### [Source information]

——————————

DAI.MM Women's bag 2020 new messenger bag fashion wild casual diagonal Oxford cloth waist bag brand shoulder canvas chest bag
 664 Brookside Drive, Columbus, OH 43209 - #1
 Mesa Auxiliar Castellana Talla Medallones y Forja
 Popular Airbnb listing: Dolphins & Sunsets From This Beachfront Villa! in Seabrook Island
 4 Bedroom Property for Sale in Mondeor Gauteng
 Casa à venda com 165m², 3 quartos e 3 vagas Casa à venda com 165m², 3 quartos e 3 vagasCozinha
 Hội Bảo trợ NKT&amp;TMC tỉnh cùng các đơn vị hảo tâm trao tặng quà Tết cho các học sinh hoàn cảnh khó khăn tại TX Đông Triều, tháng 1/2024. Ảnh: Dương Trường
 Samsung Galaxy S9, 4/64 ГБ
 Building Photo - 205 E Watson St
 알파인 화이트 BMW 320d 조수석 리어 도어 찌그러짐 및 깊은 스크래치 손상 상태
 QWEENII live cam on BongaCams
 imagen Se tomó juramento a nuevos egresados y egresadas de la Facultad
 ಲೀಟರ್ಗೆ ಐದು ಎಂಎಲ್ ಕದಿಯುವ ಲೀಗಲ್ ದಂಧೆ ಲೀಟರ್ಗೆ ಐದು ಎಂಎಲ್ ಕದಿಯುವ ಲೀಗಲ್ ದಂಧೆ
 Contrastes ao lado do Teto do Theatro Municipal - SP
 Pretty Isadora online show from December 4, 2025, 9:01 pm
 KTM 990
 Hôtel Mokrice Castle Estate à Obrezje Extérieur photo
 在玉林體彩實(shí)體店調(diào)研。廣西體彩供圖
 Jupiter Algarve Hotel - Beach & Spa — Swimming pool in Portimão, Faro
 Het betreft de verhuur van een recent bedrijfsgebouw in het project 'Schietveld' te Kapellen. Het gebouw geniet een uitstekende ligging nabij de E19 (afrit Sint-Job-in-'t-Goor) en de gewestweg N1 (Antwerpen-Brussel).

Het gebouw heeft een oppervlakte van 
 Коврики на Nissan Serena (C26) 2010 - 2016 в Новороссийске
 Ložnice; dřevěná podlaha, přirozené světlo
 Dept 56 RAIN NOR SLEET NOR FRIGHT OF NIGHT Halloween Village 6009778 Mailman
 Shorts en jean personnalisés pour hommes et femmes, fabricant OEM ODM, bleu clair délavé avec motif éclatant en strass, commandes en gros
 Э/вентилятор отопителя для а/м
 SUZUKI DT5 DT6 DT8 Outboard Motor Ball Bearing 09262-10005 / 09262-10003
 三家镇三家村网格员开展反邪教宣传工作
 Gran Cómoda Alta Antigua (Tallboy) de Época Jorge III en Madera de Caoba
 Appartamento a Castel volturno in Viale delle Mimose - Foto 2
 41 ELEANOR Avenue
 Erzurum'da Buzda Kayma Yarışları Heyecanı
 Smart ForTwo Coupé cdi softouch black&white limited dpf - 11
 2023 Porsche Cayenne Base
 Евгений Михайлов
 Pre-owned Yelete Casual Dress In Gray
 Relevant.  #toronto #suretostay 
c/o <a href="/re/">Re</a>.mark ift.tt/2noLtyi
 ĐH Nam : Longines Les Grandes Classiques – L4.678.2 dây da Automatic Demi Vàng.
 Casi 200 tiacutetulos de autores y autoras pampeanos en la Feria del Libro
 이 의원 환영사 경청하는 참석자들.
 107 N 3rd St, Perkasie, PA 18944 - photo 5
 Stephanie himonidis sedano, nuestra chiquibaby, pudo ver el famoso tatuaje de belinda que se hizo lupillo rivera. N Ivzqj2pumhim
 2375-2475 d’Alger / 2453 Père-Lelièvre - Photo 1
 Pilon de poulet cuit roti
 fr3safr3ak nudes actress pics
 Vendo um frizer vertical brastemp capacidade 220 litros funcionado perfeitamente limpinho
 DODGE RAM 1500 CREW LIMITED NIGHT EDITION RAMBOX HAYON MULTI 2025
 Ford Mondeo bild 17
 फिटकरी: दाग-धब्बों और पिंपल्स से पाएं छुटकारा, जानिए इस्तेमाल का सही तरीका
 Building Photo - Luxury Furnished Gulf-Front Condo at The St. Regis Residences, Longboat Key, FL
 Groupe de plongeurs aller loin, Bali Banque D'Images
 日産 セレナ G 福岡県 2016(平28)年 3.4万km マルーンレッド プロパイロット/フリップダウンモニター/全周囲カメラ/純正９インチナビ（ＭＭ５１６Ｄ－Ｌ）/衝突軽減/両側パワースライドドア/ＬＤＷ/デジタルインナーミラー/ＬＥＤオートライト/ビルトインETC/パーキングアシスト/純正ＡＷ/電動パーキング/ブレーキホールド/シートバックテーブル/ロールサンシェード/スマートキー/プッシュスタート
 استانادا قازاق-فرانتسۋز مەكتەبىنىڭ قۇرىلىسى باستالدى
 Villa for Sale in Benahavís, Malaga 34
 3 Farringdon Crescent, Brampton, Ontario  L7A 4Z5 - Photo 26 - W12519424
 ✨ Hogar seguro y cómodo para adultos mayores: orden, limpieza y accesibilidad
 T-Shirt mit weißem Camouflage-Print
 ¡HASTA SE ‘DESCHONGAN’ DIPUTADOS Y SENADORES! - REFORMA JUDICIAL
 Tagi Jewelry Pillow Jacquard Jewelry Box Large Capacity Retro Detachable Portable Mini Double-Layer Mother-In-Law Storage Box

——————————

From the data above, output exactly the lines between the one containing "ĐH Nam : Longines" and the one containing "Groupe de plongeurs", counting both of them.

### [Your solution]
 ĐH Nam : Longines Les Grandes Classiques – L4.678.2 dây da Automatic Demi Vàng.
 Casi 200 tiacutetulos de autores y autoras pampeanos en la Feria del Libro
 이 의원 환영사 경청하는 참석자들.
 107 N 3rd St, Perkasie, PA 18944 - photo 5
 Stephanie himonidis sedano, nuestra chiquibaby, pudo ver el famoso tatuaje de belinda que se hizo lupillo rivera. N Ivzqj2pumhim
 2375-2475 d’Alger / 2453 Père-Lelièvre - Photo 1
 Pilon de poulet cuit roti
 fr3safr3ak nudes actress pics
 Vendo um frizer vertical brastemp capacidade 220 litros funcionado perfeitamente limpinho
 DODGE RAM 1500 CREW LIMITED NIGHT EDITION RAMBOX HAYON MULTI 2025
 Ford Mondeo bild 17
 फिटकरी: दाग-धब्बों और पिंपल्स से पाएं छुटकारा, जानिए इस्तेमाल का सही तरीका
 Building Photo - Luxury Furnished Gulf-Front Condo at The St. Regis Residences, Longboat Key, FL
 Groupe de plongeurs aller loin, Bali Banque D'Images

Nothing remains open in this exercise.